Rev. filos.open insight vol.5 no.7 Querétaro ene. 2014

 

Reseñas bibliográficas

 

Juan Carlos Moreno Romo, 2013. Hambre de Dios. Entre la filosofía, el cristianismo y nuestra difícil y frágil laicidad

 

Diego I. Rosales Meana

 

México:Editorial Fontamara, 170 pp.

 

Centro de Investigación Social Avanzada. diego.rosales@cisav.org

 

Desde un existencialismo cartesiano, Juan Carlos Moreno deja ir un señuelo muy bien preparado, meditado y sazonado para quien tiene hambre de Dios. Digo que es desde un existencialismo cartesiano porque, ya desde el primer ensayo del libro -y el ensayo es probablemente una de las formas más genuinas de hacer filosofía-, Moreno Romo se sitúa en el corazón de la filosofía de Descartes, delineando para su lector una alternativa frente a la existencia: la esperanza absoluta, o el abandono a la nada.

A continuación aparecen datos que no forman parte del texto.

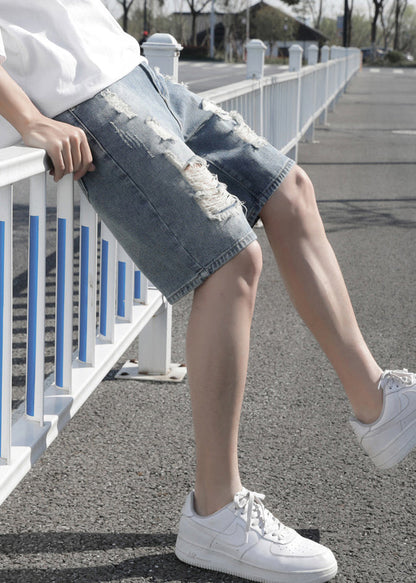 Stylish Light Blue Hole High Waist Denim Men Shorts Summer YL029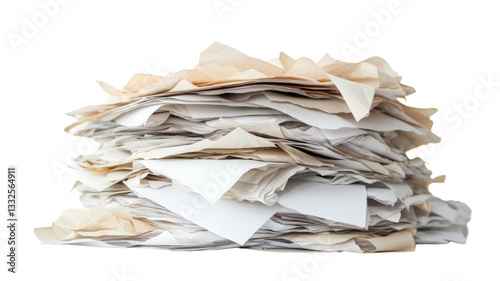 Stack of crumpled paper on transparent background representing bureaucracy and messy administration photo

Para evitar aún más toda confusión: si le llamo "existencialista cartesiano" y no "cartesiano existencialista" es porque él piensa antes la existencia que a Descartes, aún cuando lo haga principalmente desde lo que Descartes mismo pensó sobre ella. Ejemplar exótico dentro de la academia, Moreno Romo es un filósofo real, es decir, piensa la vida y no solamente piensa a Descartes. Y eso es lo que importa.

El tema principal de su pensamiento en este libro es la necesidad que de Dios tiene el ser humano, y no es gratuito que haya llamado "hambre" a esta necesidad: la sitúa en lo biológico, en ese lugar ontológico desde el que ha de situarse la posibilidad de la existencia misma, y no en el lugar de las bagatelas o las inútiles joyas de la corona. No se trata aquí de hacer lo que la mayoría de las universidades hacen: pensar lujosamente los derechos humanos, o pensar lujosamente a Aristóteles, a Hegel o a Frege. Juan Carlos Moreno intenta decirnos que Dios es una imperiosa necesidad sin cuya satisfacción (al menos escatológicamente hablando) la vida humana sería nada menos que imposible. Otra cosa es decir que sustentar esta idea sea una empresa fácil.

Optar por un existencialismo cartesiano tiene la ventaja para el profesor Moreno Romo de permitirle pensar la existencia desde una encrucijada y no desde una posición comodina, pues Descartes se sitúa en el origen mismo de la Modernidad y pensar a Dios desde ahí no es nada fácil. En este libro no se habla de Dios desde un lugar que nada tiene que decirle al hombre del siglo XXI, sino que comienza ya -como Péguy en su momento o, en cuenta regresiva, Pascal o San Agustín o San Pablo- desde la premisa de que el mundo está descristianizado y de que cuando hay que hablar de Dios, hay que hacerlo sobre todo a hombres no cristianos.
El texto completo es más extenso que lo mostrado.